Golfos hay en todas partes, repartidos además de una manera bastante proporcional por el mundo, pero hasta ahora uno trazaba la frontera de la corrupción entre el primer y el tercer mundo en la participación masiva de los agentes de la autoridad. Hoy esto constituye un grave error. En la distancia, España ya se parece a la peor Italia, o a Brasil, a Pakistán o a Senegal. En realidad, en muchos de estos países la mayoría de personas se corrompen por el valor de un IPhone, pero el crecimiento económico de las últimas décadas permite hacer las cosas a lo grande en una parte de Europa que en cuestiones de trile se mira mucho más en África que en Escandinavia.

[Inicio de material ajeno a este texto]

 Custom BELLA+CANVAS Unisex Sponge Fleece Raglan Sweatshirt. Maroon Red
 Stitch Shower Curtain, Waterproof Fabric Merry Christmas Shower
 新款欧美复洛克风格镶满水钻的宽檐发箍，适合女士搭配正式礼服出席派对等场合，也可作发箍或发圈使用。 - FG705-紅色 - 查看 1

Había otra diferencia genérica entre el corrupto a gran escala del primer y el tercer mundo, que también ha terminado por desaparecer. En los países subdesarrollados, el gran ladrón aparece en los carteles electorales y en los medios de comunicación. No se esconde, todo el mundo lo sabe, pero el déficit de libertades le permite chulear a todos. Salvo excepciones, hasta hace unos años el gran corrupto en las economías ricas era un personaje oscuro, misterioso, que se movía entre bambalinas, poco dado a la luz en general y a los focos informativos en particular. A Francisco Granados lo hemos visto deambular noche sí y noche también por todos los platós de televisión, con gruesas corbatas de pavo real, gemelos contundentes y relojes imposibles de explicar para quién lleva años ingresando el sueldo de un político en España. Acojona recordar su discurso moralista, sus críticas furibundas a la izquierda y a los sindicatos por sus casos de corrupción. Con lo que ha averiguado hasta ahora el juez, hay que tenerlos muy grandes para plantarte delante de una cámara y soltar todo aquello. Antes de sentarte ante el micrófono, hay que pedir capa doble de maquillaje facial para que los televidentes no perciban el sonrojo, o el rostro pétreo.

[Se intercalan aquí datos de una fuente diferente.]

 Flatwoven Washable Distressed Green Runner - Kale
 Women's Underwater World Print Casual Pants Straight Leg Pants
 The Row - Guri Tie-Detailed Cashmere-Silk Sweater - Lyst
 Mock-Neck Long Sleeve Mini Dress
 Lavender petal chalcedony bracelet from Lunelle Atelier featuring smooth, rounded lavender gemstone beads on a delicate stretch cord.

Gracias a la cara más amarga de la globalización, la frontera de la peor corrupción ya no la marca el nivel de riqueza de un país. Sólo el compromiso moral de una gran mayoría de individuos, y la respuesta de una sociedad civil fuerte capaz de enfrentar esos comportamientos indignos sitúa a un país a un lado u otro de esa frontera. En ese sentido, los sistemas más limpios y con mayor capacidad para detectar y expulsar la suciedad funcionan bajo un principio tan liberal como es el de la responsabilidad individual. Entonces llega Esperanza Aguirre y declara hace unos días que la culpa de las tarjetas black de Caja Madrid es de quienes las dieron, y no tanto de quienes las usaron. Ese liberalismo a beneficio de inventario es la copia exacta, en negativo, del socialismo pleno de derechos y sin ninguna obligación que algunos proclaman como solución a la crisis. Con semejante polución ideológica, dan ganas de quedarse a respirar el oxígeno escaso de las montañas, pero al menos limpio.